**INSTRUCTIONS FOR THE TASK:** Repeat the lines of the data exactly and exclude any picture among them.

===== THE INPUT =====

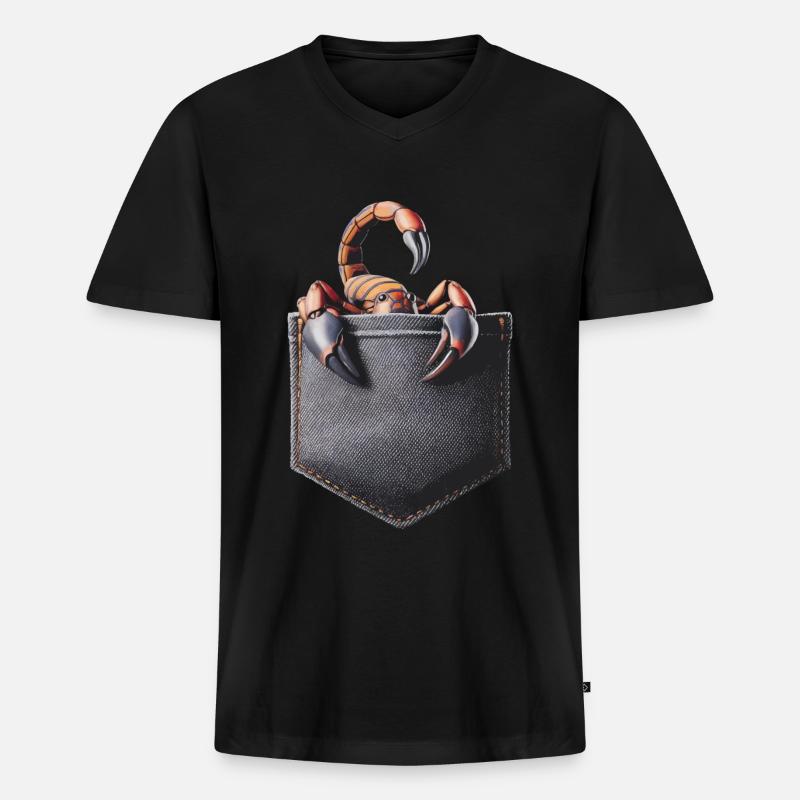 Skorpion - Männer Premium Bio T-Shirt mit V-Ausschnitt - Schwarz
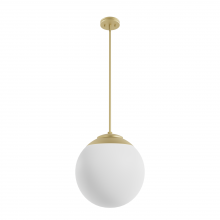  19850 - Hunter Hepburn Modern Brass with Cased White Glass 3 Light Pendant Ceiling Light Fixture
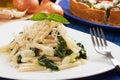 Ialian pasta with garlic and sliverbeet Royalty Free Stock Photo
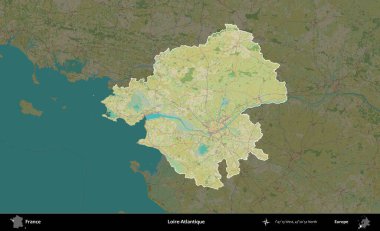 Loire-Atlantique 'de. Fransa 'nın idari alanı karanlık bir OpenStreetMap İnsani Haritası' na vurgulandı ve özetlendi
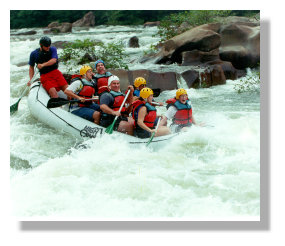 Wendy and Mary guide their raft down the Ocoee River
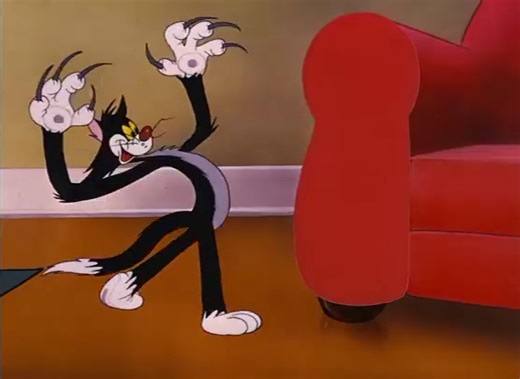 Tex Avery's "The Cat That Hated People" (1948) is just filled with these great gags of inner species relationships. Our poor cats, they don't know. Amazing cat ripping poses here! #animation #texavery #classic #cartoon #funny | Gabe_Swarr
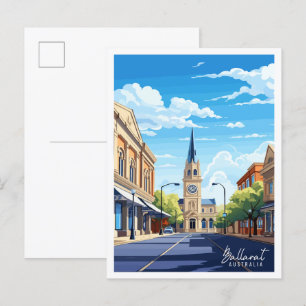 Ballarat Australië vintage reisillustratie Briefkaart
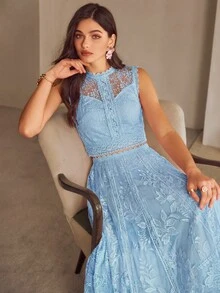 Simplee Women's Autumn New Elegant Lace Top And Skirt Set, Stand Collar Lace Patchwork Design, Suitable For Wedding Guest, Garden Party, Birthday Party, Date Wear - Blue - View 1
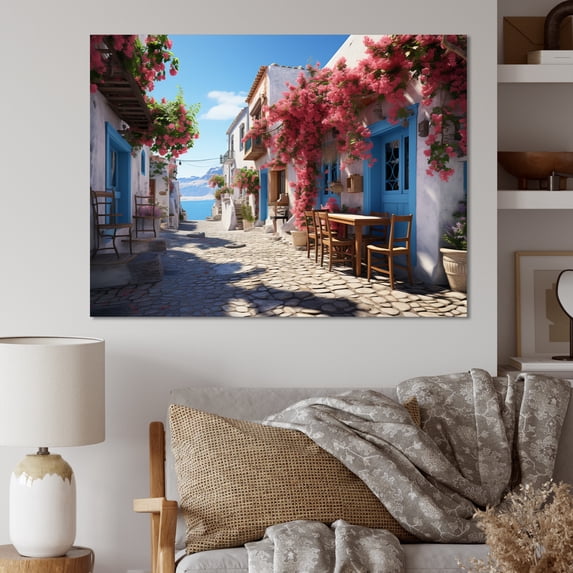 Designart "Island Rhapsody Greece Greek painting" Landscapes Wall Decor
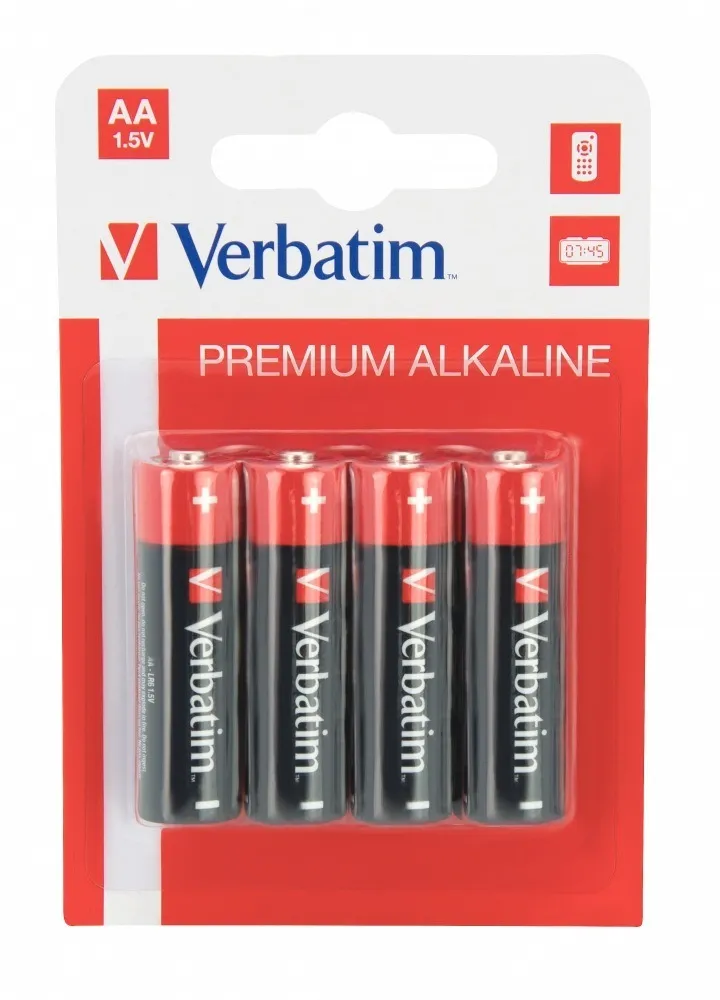 Baterii alcaline AA Verbatim 1.5V, set de 4 bucăți pentru dispozitive portabile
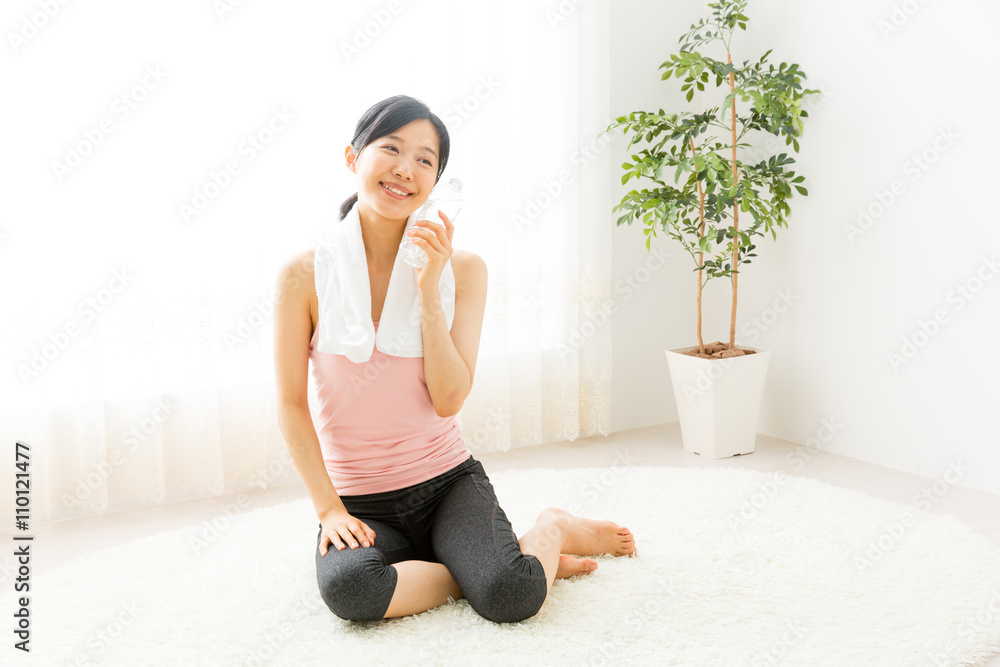 attractive asian woman exercise image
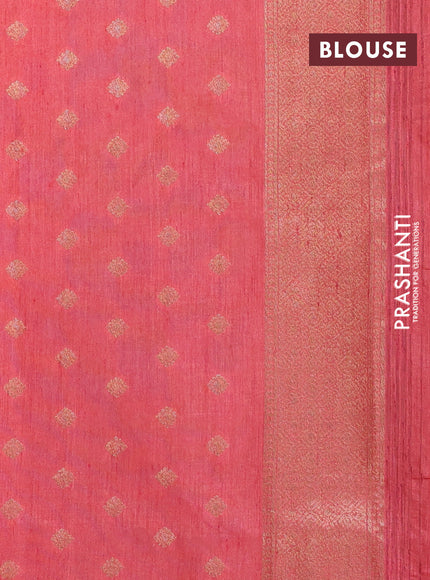 Banarasi semi matka silk saree rust shade with zari woven buttas and zari woven border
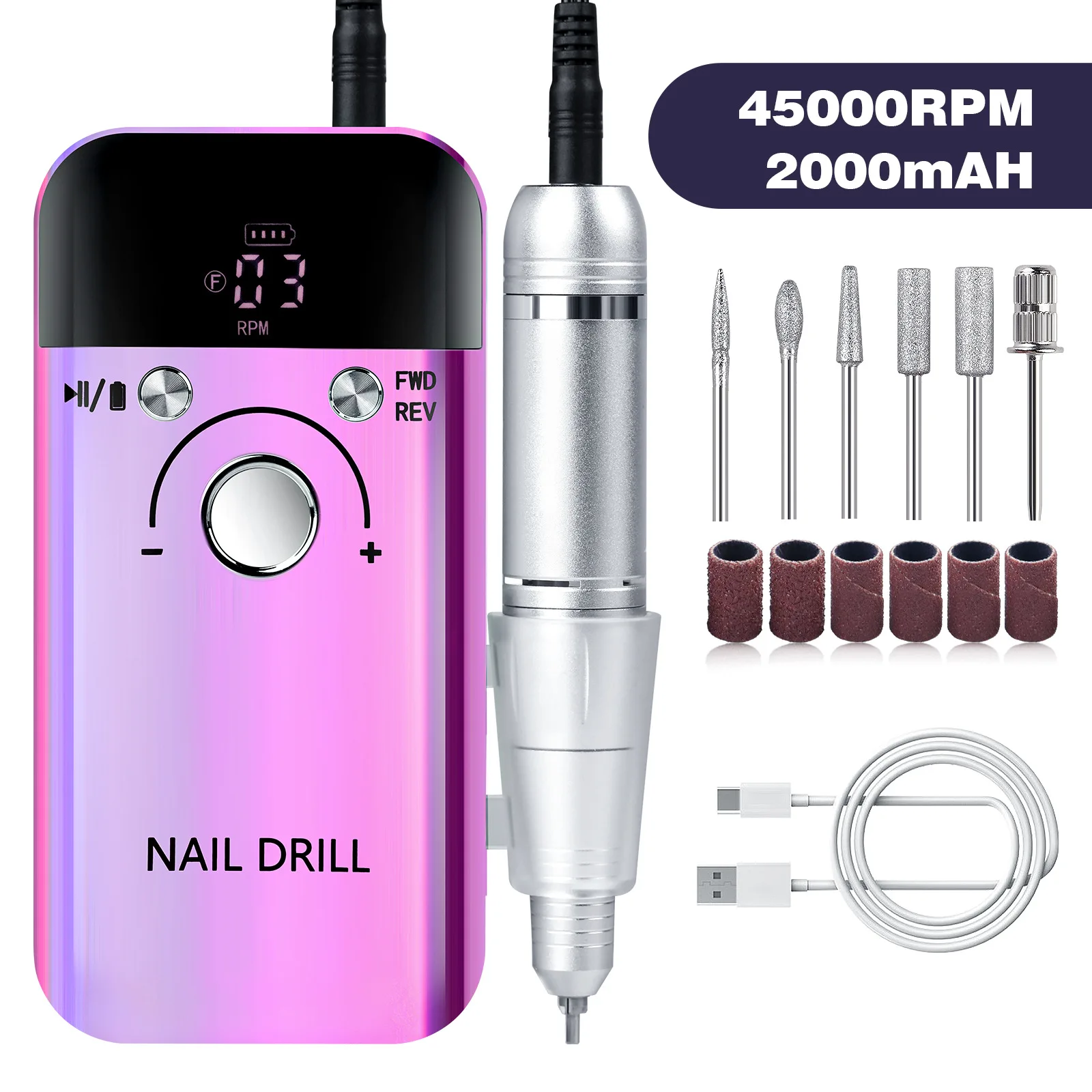 45000RPM Nail Drill Professional Polishing Machine Lathe for Manicure Milling Cutters Electric Sander File Gel Nails Polisher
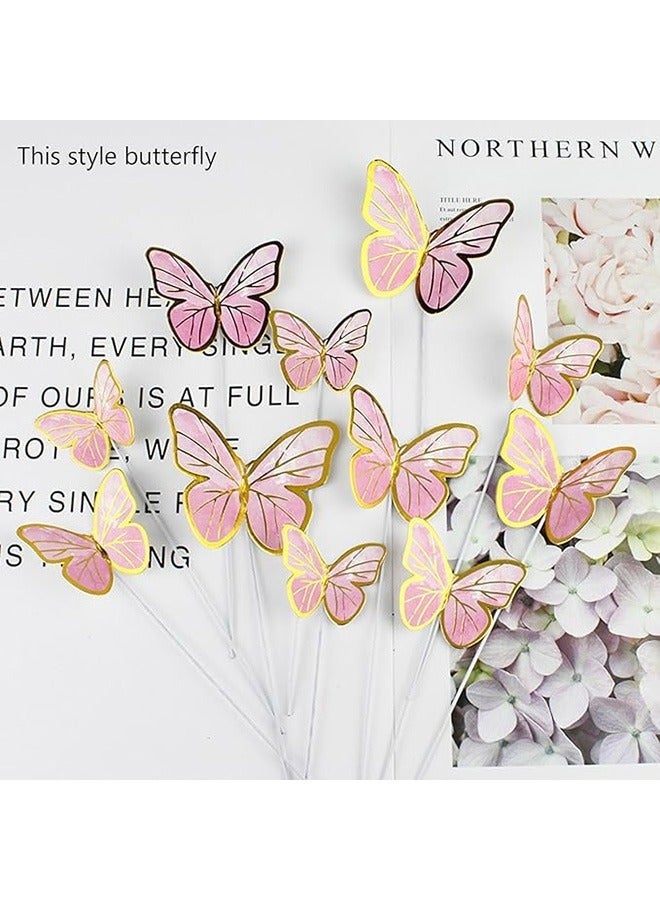 11 Pcs Butterfly Cake Toppers Decorations Mounted Cupcake Decorations Happy Birthday Metallic Gold Decorations Butterfly Party Supplies for Decorating Girls Birthdays, Pink - Image 2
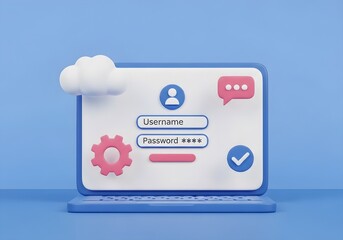 Laptop showing login screen with username and password fields on a blue background setting with cloud
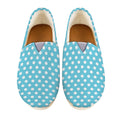 Cyan And White Polka Dot Pattern Print Casual Shoes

=====

**RESULT:**
 Skorpion - Männer Premium Bio T-Shirt mit V-Ausschnitt - Schwarz
  19850 - Hunter Hepburn Modern Brass with Cased White Glass 3 Light Pendant Ceiling Light Fixture
 Ialian pasta with garlic and sliverbeet Royalty Free Stock Photo
 Loire-Atlantique 'de. Fransa 'nın idari alanı karanlık bir OpenStreetMap İnsani Haritası' na vurgulandı ve özetlendi
 Wendy and Mary guide their raft down the Ocoee River
 Tex Avery's "The Cat That Hated People" (1948) is just filled with these great gags of inner species relationships. Our poor cats, they don't know. Amazing cat ripping poses here! #animation #texavery #classic #cartoon #funny | Gabe_Swarr
 Ballarat Australië vintage reisillustratie Briefkaart
 Simplee Women's Autumn New Elegant Lace Top And Skirt Set, Stand Collar Lace Patchwork Design, Suitable For Wedding Guest, Garden Party, Birthday Party, Date Wear - Blue - View 1
 Designart "Island Rhapsody Greece Greek painting" Landscapes Wall Decor
 Baterii alcaline AA Verbatim 1.5V, set de 4 bucăți pentru dispozitive portabile
 attractive asian woman exercise image
 Banarasi semi matka silk saree rust shade with zari woven buttas and zari woven border
 45000RPM Nail Drill Professional Polishing Machine Lathe for Manicure Milling Cutters Electric Sander File Gel Nails Polisher
 11 Pcs Butterfly Cake Toppers Decorations Mounted Cupcake Decorations Happy Birthday Metallic Gold Decorations Butterfly Party Supplies for Decorating Girls Birthdays, Pink - Image 2
 Laptop showing login screen with username and password fields on a blue background setting with cloud
 Cyan And White Polka Dot Pattern Print Casual Shoes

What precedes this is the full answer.